China’s ‘shadow banking’ faces shockwave

TICKING TIME BOMB:An investment product that is supposed to pay 10 percent interest a year is unable to do so, state media said, and may need a rescue by Friday


Shoppers cross a busy street in Beijing, China, on Saturday.

Photo: AFP

A shockwave is looming in China’s multi-trillion dollar “shadow banking” system, with an unprecedented default only days away on a US$500 million investment product sold to hundreds of people.

Staff at China’s biggest bank, Industrial & Commercial Bank of China Ltd (ICBC, 中國工商銀行), pushed the “Credit Equals Gold #1 Trust Product” by promising returns of 10 percent a year, far more than traditional deposits, investors say.

However, the coal company it was supposed to fund never obtained key licences for its activities, state media reported, and now the firm that structured it, China Credit Trust Co (中誠信託), says it may not be able to repay 3 billion yuan (US$492 million) due on Friday.

The situation is a test case for cleaning up the risky “shadow banking” system in the world’s second-largest economy.

Analysts said the government could use a default to send a message about the danger of speculative investments, while showing Beijing’s commitment to reining in the vast pools of capital threatening financial stability.
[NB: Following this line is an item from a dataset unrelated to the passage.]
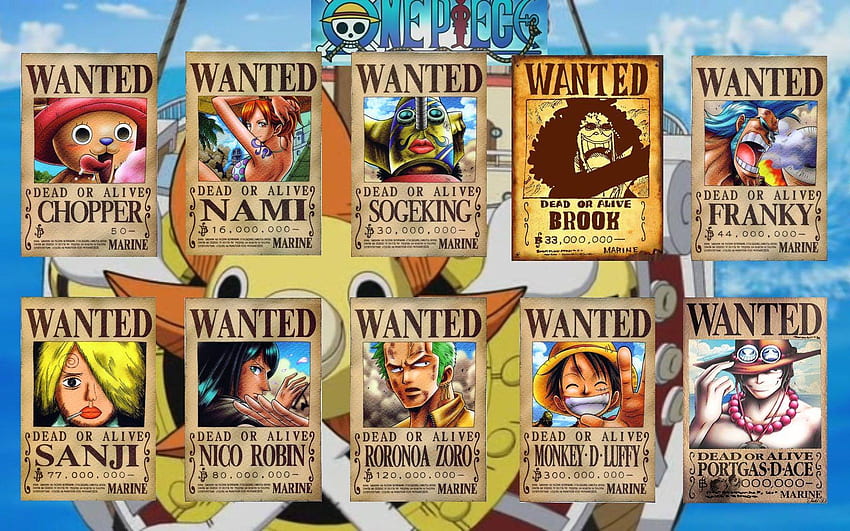One Piece Wanted Poster, Luffy Wanted Poster HD тапет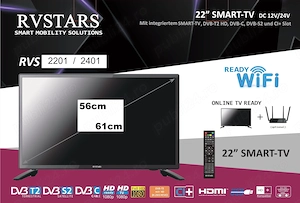 N O U !!! - FULL HD SMART TV Portabil 61 56cm - Rulota, Terasa, Foisor, BARCA, Camper, chiar la cort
At the same time authorities must walk a fine balance between cracking down and preventing protests by angry investors — as well as setting off a chain reaction that sharply tightens credit in an economy where growth is already slowing.

Chinese “shadow banking” is a massive network of lending outside formal channels and beyond the reach of regulators, including activities by online finance platforms, credit guarantee companies and microcredit firms.
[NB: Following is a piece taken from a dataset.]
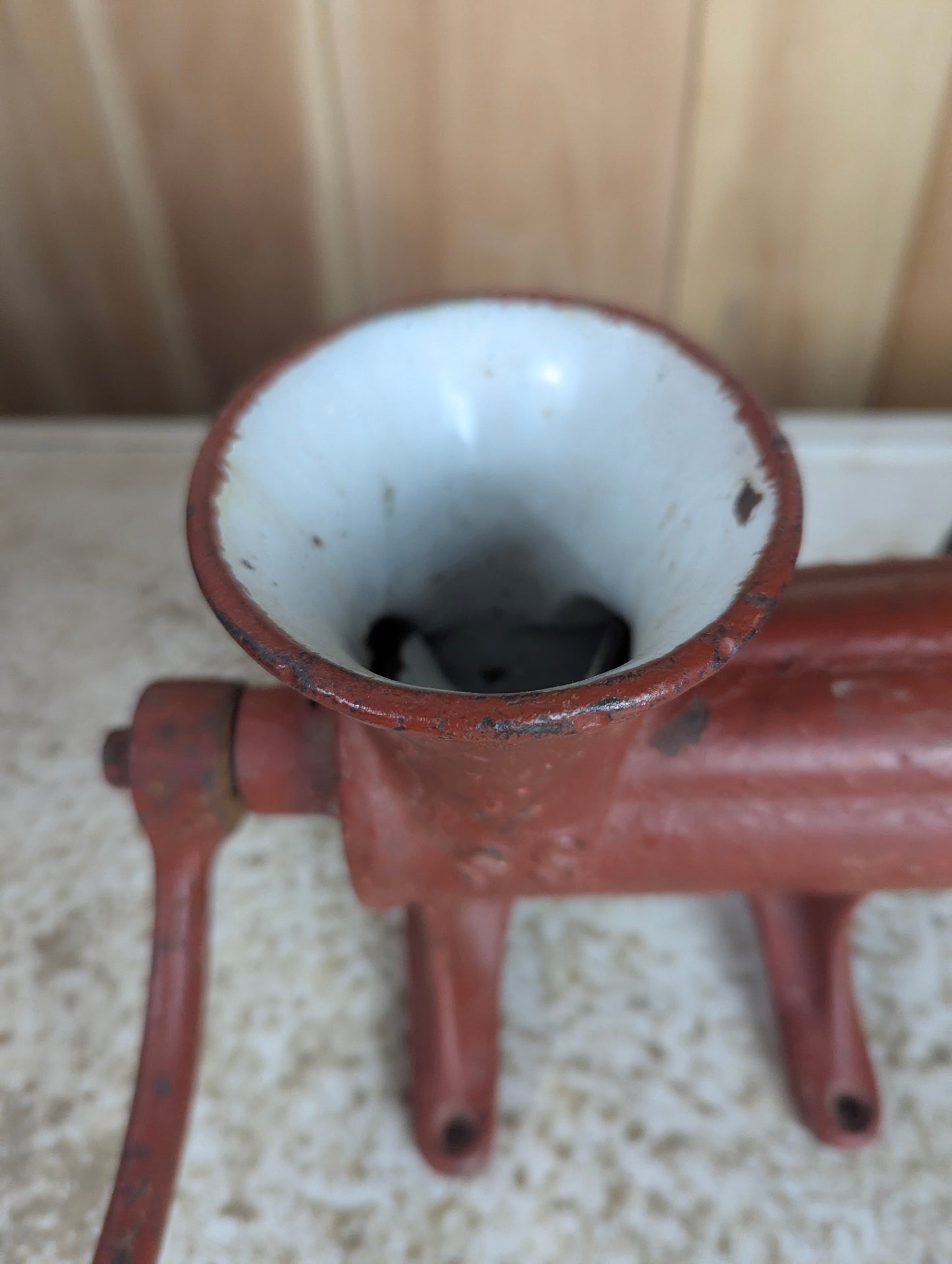 Vintage Bench Mount Meat Grinder with Enamel Interior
It was as large as US$4.8 trillion in 2012, more than half the country’s GDP, according to an estimate by ratings agency Moody’s.

China’s powerful State Council, or Cabinet, reportedly issued internal guidelines last month to crack down on the sector. However, ratings agency Fitch said in a report: “The reforms may seem like a good beginning, but they have a long way to run.”

China Credit Trust sold the investment product from 2010 through branches of the ICBC to about 700 of the bank’s high-net-worth clients.

The trust channeled the funds to Zhenfu Energy Group (振富能源集團) in the country’s mining heartland of Shanxi Province. However, the company’s owner was detained by authorities in 2012, state media reported, raising questions over the viability of the firm.

“ICBC and China Credit Trust dug a hole, covered it with a straw mat and told us to jump in,” said Gao Yiyang, an investor who spent almost US$500,000 of his family’s money on the product.

“It now appears our money was not used for any of the company’s actual operations. It was purely fraud to get our money to fill a huge deficit hole,” he said.

In a letter sent to investors earlier this month, a copy of which was seen by reporters, China Credit Trust said: “Currently, there is still uncertainty over whether the trust can be converted to cash before Jan. 31.”

Products sold by China’s roughly 65 trusts offer high returns and big risk, drawing comparisons to the West’s “junk bonds” of the 1980s.

“Some central government-level policymakers could be open to seeing a default, as it would encourage more careful risk assessment,” Goldman Sachs economist Andrew Tilton said in a recent research report.

“If the realization of significant losses by investors causes others to pull back from funding various forms of shadow banking credit, overall credit conditions could theoretically tighten sharply with consequent damage to growth,” he added.